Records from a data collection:
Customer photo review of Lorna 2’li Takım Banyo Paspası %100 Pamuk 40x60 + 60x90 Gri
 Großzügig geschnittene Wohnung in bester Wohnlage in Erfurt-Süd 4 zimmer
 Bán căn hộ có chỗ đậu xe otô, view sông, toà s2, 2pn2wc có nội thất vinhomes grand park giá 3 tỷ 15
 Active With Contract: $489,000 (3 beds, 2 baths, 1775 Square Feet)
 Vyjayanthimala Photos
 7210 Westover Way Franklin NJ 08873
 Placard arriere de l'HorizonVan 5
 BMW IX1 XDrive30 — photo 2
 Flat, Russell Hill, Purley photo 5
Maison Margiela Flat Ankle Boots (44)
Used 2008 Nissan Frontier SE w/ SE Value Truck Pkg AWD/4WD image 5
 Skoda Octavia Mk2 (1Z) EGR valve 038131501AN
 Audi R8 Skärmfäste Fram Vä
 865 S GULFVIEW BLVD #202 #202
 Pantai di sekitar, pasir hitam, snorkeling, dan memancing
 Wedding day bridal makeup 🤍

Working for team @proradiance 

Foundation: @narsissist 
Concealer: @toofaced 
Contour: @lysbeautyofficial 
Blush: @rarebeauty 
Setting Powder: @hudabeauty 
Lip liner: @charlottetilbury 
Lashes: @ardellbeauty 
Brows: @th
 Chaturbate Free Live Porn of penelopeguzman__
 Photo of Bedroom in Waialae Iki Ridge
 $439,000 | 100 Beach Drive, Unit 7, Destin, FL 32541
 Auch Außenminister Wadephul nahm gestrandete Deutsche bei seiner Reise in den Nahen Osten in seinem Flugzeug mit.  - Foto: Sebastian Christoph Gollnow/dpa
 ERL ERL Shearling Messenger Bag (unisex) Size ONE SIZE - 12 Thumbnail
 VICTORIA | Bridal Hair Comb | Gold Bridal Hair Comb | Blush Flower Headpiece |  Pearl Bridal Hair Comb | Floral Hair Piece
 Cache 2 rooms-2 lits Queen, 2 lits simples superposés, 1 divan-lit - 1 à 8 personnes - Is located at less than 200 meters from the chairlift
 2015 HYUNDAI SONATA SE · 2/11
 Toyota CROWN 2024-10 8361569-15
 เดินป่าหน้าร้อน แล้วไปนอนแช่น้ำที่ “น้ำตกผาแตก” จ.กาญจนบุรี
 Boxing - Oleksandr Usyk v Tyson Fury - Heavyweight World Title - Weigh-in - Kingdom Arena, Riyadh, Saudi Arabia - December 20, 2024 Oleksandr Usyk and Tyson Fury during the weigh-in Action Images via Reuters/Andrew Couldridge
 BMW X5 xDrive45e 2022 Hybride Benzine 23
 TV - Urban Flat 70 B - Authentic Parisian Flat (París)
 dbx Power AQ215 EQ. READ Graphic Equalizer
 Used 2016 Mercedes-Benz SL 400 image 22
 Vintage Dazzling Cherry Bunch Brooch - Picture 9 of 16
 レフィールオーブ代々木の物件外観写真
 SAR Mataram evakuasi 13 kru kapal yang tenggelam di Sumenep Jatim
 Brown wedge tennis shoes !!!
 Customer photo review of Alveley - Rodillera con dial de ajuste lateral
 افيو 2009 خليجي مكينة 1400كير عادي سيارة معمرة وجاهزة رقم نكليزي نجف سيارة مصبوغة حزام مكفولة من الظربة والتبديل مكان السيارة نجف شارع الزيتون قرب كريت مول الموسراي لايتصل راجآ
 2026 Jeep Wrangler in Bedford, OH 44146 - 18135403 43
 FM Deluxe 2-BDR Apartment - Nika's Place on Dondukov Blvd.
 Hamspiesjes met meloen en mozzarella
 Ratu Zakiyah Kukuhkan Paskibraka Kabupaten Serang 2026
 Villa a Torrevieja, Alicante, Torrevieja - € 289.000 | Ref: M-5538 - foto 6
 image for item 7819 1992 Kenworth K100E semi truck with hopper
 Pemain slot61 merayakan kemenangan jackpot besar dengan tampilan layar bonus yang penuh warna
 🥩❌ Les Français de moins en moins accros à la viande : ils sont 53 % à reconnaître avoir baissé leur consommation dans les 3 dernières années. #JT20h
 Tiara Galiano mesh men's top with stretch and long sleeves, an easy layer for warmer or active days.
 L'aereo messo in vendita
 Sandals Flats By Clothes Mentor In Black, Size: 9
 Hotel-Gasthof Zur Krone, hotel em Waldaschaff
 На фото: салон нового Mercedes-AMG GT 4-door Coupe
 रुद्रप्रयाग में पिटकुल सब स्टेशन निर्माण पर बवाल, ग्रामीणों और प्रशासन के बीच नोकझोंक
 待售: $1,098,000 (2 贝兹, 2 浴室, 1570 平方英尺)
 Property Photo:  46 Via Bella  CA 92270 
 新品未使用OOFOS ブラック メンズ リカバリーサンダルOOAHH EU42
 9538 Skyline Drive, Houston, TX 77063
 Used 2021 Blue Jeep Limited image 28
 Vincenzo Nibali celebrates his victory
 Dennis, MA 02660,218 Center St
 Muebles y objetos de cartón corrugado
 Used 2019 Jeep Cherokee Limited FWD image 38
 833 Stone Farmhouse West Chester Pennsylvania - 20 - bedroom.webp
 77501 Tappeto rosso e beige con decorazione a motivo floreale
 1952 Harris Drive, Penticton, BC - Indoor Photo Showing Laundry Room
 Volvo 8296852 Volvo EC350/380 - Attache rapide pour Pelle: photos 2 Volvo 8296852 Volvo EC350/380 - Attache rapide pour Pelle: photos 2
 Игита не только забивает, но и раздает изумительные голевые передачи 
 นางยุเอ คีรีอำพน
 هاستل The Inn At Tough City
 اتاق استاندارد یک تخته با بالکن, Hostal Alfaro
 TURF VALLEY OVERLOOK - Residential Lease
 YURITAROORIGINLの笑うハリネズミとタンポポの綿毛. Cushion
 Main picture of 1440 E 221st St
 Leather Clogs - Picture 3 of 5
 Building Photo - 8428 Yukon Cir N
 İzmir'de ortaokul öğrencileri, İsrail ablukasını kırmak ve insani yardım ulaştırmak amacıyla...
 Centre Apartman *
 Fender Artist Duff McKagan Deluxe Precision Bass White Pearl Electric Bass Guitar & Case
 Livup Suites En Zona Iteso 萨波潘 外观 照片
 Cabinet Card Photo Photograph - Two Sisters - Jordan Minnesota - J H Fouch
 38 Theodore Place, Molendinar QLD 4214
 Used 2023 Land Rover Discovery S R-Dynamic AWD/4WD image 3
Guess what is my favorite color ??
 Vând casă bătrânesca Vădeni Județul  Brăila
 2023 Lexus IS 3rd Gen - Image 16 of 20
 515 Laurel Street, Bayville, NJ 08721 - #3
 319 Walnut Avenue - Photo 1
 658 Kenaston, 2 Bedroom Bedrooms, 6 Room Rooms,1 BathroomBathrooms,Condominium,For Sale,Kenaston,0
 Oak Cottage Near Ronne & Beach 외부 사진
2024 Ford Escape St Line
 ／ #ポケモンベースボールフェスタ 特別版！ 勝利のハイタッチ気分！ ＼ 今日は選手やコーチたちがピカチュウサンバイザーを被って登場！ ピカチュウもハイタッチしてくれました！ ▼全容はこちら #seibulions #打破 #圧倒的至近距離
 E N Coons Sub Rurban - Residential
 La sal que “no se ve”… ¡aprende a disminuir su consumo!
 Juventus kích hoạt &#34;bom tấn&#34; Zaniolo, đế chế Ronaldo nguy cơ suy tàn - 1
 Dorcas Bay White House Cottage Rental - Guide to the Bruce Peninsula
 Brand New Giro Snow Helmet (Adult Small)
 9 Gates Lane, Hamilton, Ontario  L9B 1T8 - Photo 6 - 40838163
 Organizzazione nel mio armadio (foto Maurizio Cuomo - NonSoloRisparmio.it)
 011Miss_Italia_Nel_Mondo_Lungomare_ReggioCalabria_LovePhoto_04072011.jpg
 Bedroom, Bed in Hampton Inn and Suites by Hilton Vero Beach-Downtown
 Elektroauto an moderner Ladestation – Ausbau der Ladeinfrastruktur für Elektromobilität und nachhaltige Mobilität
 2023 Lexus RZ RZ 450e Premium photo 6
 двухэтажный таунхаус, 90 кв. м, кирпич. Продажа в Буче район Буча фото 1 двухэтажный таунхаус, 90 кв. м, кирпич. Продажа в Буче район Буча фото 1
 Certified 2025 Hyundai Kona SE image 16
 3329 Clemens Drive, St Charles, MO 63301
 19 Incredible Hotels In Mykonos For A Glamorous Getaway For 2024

Assigned task
Return a copy of each line in the entries that carries the string "White".

Reply
 Fender Artist Duff McKagan Deluxe Precision Bass White Pearl Electric Bass Guitar & Case
 Dorcas Bay White House Cottage Rental - Guide to the Bruce Peninsula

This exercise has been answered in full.